_MATERIAL SHOWN_
········

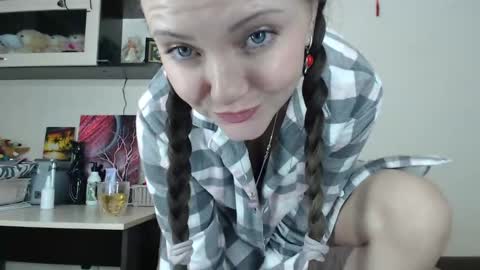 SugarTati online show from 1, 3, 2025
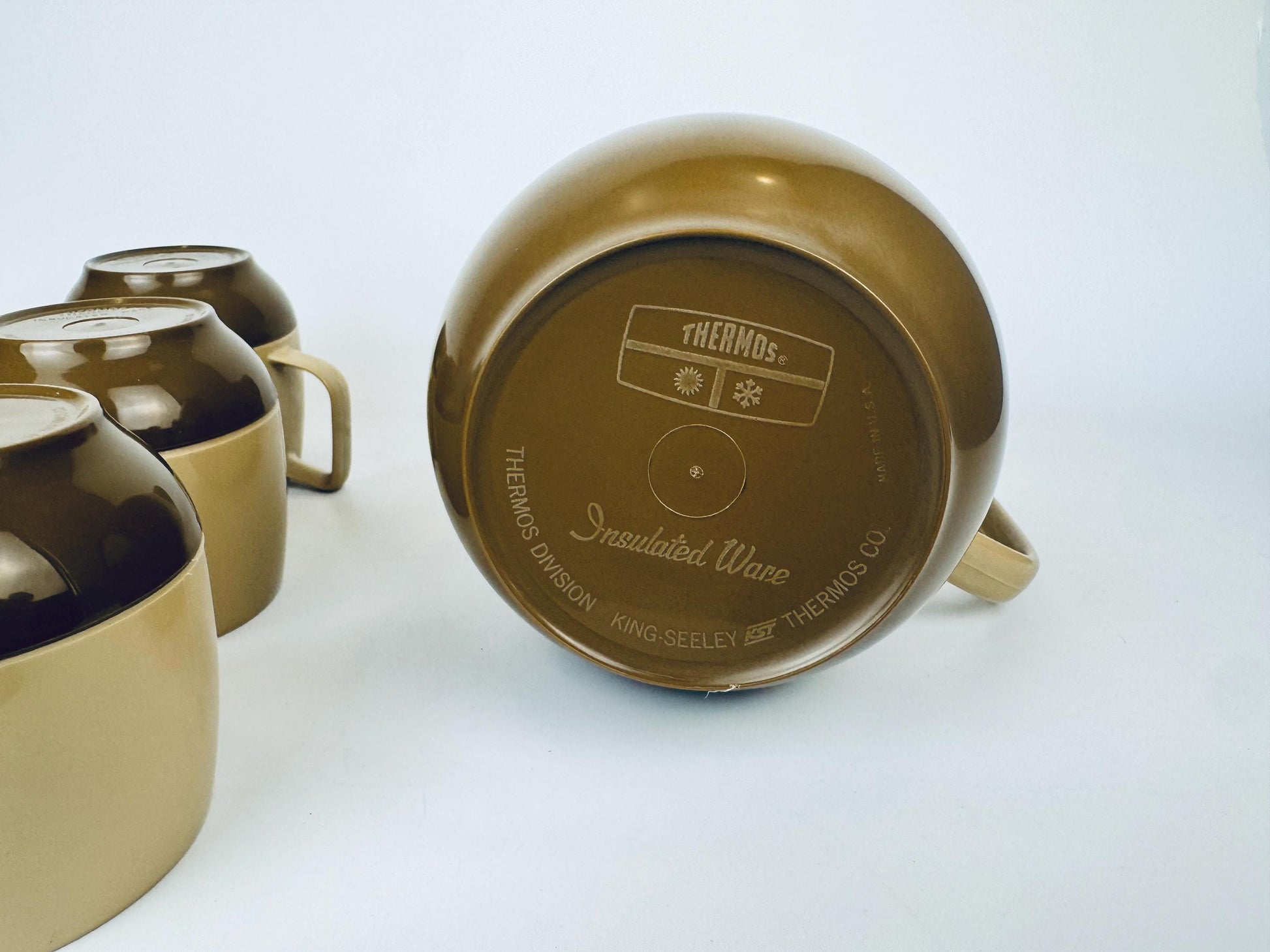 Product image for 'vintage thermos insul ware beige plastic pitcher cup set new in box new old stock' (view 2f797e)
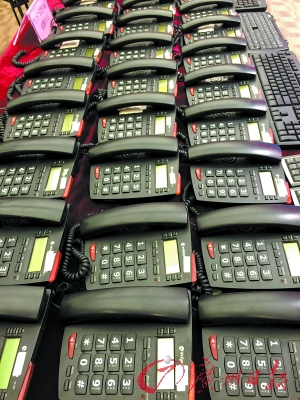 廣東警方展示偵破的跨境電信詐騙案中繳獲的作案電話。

········

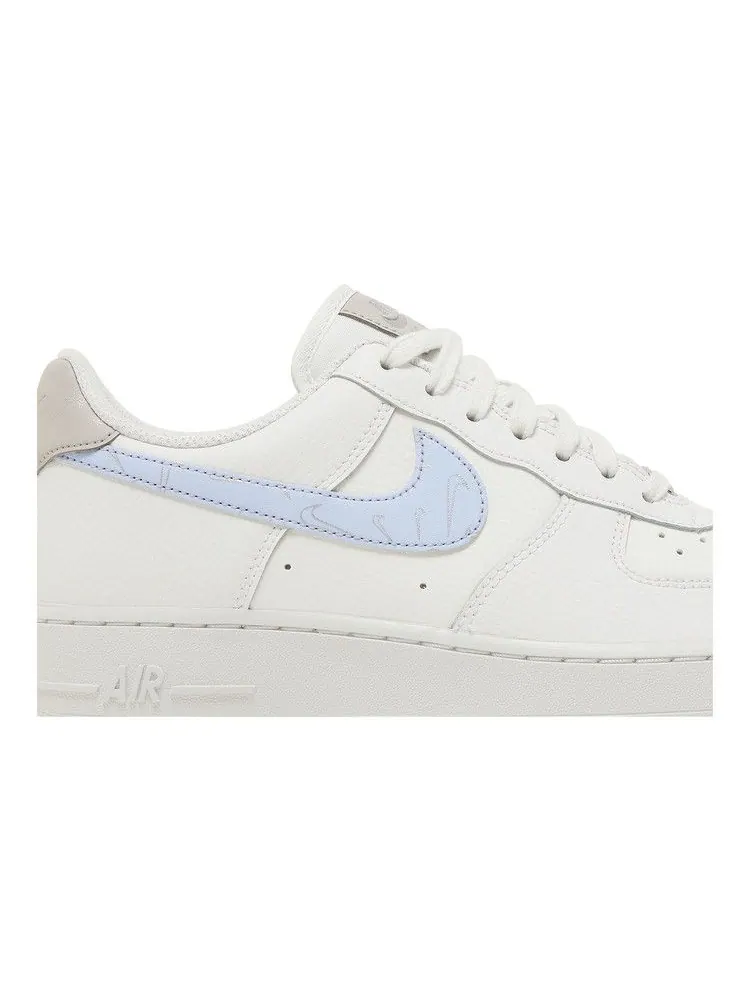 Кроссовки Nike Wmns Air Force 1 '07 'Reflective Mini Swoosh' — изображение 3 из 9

········

_WHAT THE TASK REQUIRES_
Only one part of the material above is wanted: the lines from the one with "SugarTati online show from 1, 3, 2025" up to and including the one with "廣東警方展示偵破的跨境電信詐騙案中繳獲的作案電話。". Please copy them exactly, pictures left out.

_EXPECTED ANSWER_
 SugarTati online show from 1, 3, 2025
 Product image for 'vintage thermos insul ware beige plastic pitcher cup set new in box new old stock' (view 2f797e)
 廣東警方展示偵破的跨境電信詐騙案中繳獲的作案電話。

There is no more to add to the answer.